Ada psikologi Dunia Barat yang masih mendendam kepada orang-orang Turk yang Muslim sampai sekarang karena peristiwa penaklukan Konstaninopel itu.

Selain juga psikologi dari Perang Salib dan era Al-Andalusia ketika Gereja Katolik Roma ketar-ketir jumlah mualaf meningkat sebab sultan-sultan Neo-Umayyah bebas melakukan hubungan homoseksual di ruang privat dan mereka mensponsori para ilmuwan berkarya.

Gambaran nabi yang suka perang dan suka perempuan diambil dari psikologi mereka itu. Dengan cherry picking terhadap teks-teks hadis.

Ilustrasi peace dari simbol agama-agama (Foto: earlychurchofjesus.org)

Ketika Ottoman berkuasa, dengan Safawiyah sebagai saingan Muslim-nya, Dunia Muslim mau tak mau berkonsolidasi menjadi hampir seragam demi menghadapi kekuatan kolonialisme Barat.

Ottoman bagaimana pun telah berakhir pada 1924. Tidak ada lagi kekuatan besar di dalam Dunia Islam.

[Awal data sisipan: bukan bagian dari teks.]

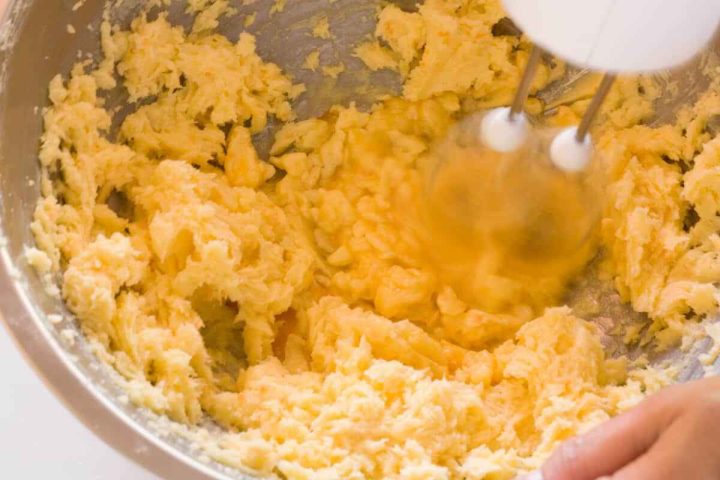 Adding eggs to the koulourakia cookie dough mixture.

Namun, dengan munculnya nasionalisme, dan kemerdekaan bangsa-bangsa Muslim dari kolonial Barat, ketakutan dan kekhawatiran Barat terhadap Islam maupun Al-Islam tetap tidaklah lenyap.

Ruh Al-Islam adalah menyuarakan konsep Keadilan seperti yang diserukan umat Syiah Imamiyah dengan konsisten, dan kemudian dalam wujud Sunni-nya antara lain ditampilkan oleh Persyarikatan Muhammadiyah.

Ruh Al-Islam yang disuarakan dari Alquran yang menolak EENS (extra ecclesiam nulla salus), rasisme, dan seksisme, dengan kata lain “Satu Kemanusiaan”, disuarakan antara lain oleh “Nation of Islam” dan orang-orang Alevi di sepanjang perjuangan mereka.

Jika mereka yang membawa ruh ini dan disebut Muslim itu, kemudian bersatu mengatasi berbagai perbedaan mereka dalam memahami Sejarah Islam, bayangkan apa yang akan terjadi?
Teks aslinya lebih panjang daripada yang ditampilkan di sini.